Why divorce rates have increased over the years
“Half of all marriages end in divorce” has been a widely accepted idea for many years. Statistically speaking how accurate is that idea? Well, as it turns out, it’s right on the money. Over the last 40 years, roughly 50% of the marriages in the U.S. have ended in divorce. However, the percentage of marriages ending in divorce hasn’t always been so high.
“Before 1970, divorce was relatively uncommon and difficult to get. Fault was usually required. One of the spouses must have committed a crime or sin that justified the divorce. There needed to be adultery, abandonment, cruelty, intoxication or some other reason that made it necessary to end the marriage.”

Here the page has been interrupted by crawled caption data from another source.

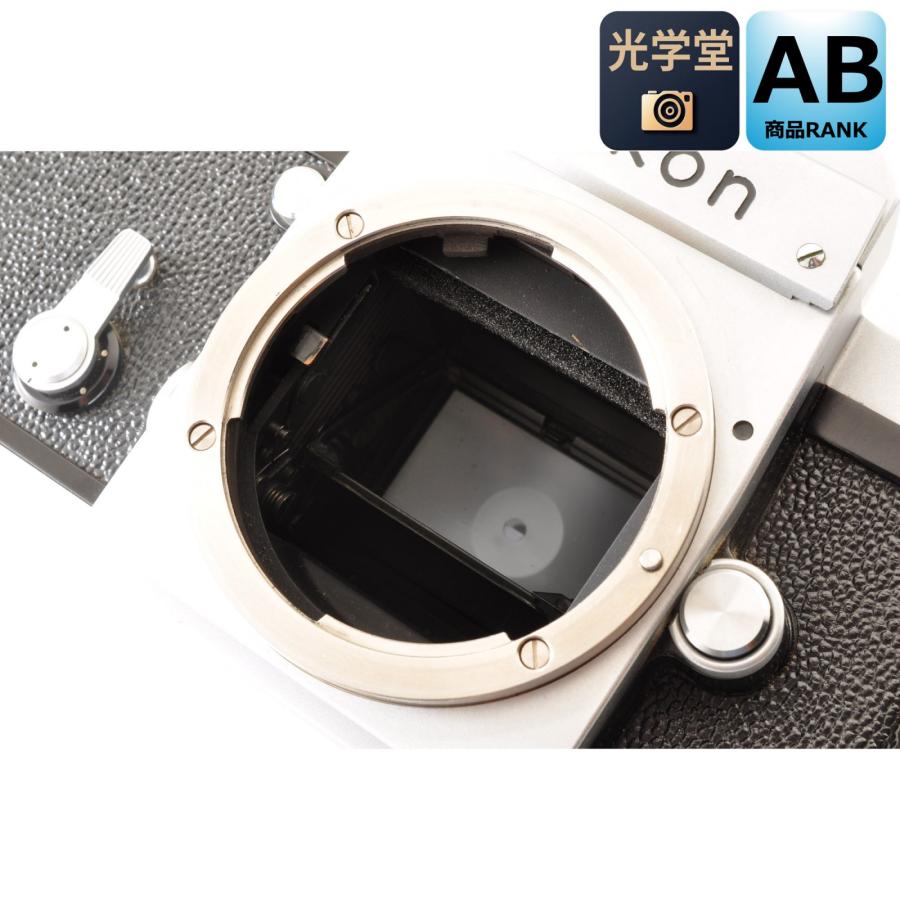 Nikon F アイレベル シルバー 35mm フィルム一眼レフカメラ ボディ , 元箱,ケース付きの画像
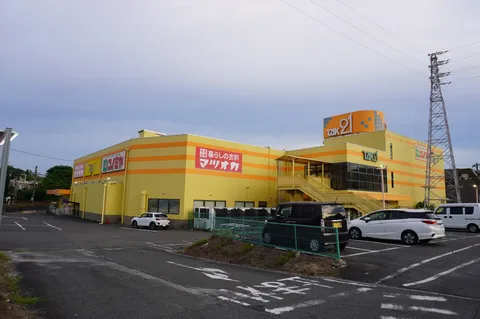 日常を彩る、黄色とオレンジのサイン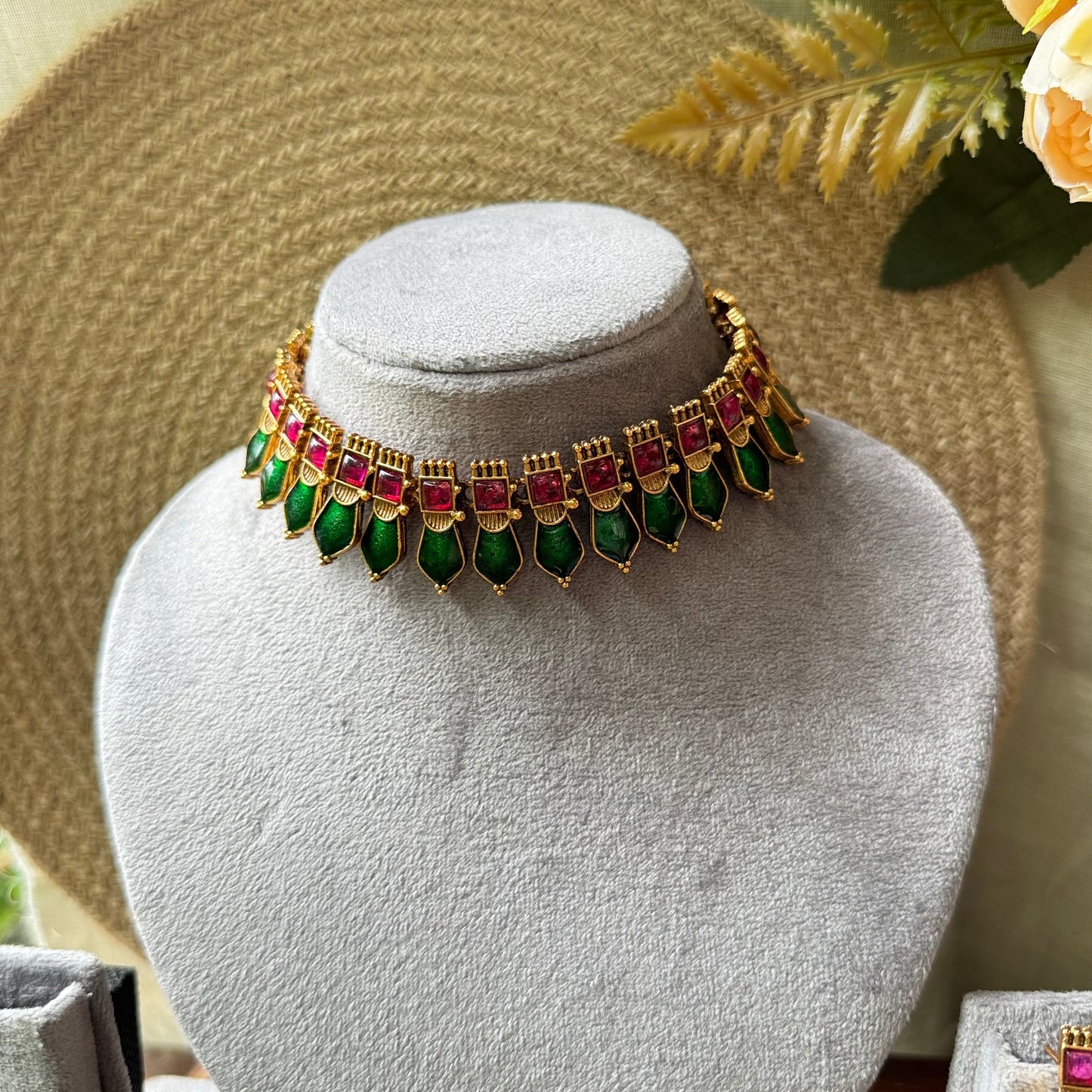 Kovai Palakka neckset-GREEN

So what changed? Simply put, the law.
“No-fault divorce became an option in some states in the 1950s. Couples no longer needed to prove that one person was at fault. They could simply say that the marriage had broken down. By 1970, almost all states had laws allowing no-fault divorces. A long separation before the divorce used to be mandatory. Many states also passed laws that greatly decreased the separation time, making divorce easier and faster. These laws had a great effect on the divorce rate. From 1940 to 1965, the divorce rate remained near 10 divorces for every 1,000 married women. By 1979, the rate had doubled.”
The changes in the laws regarding divorce dramatically shortened the time and effort an unhappy spouse needed to put forth in order to get a divorce. This had a monumental impact on divorce rates. With laws that are still being revamped, and the ongoing changes in sociological views on divorce, many believe that divorce rates will continue to rise.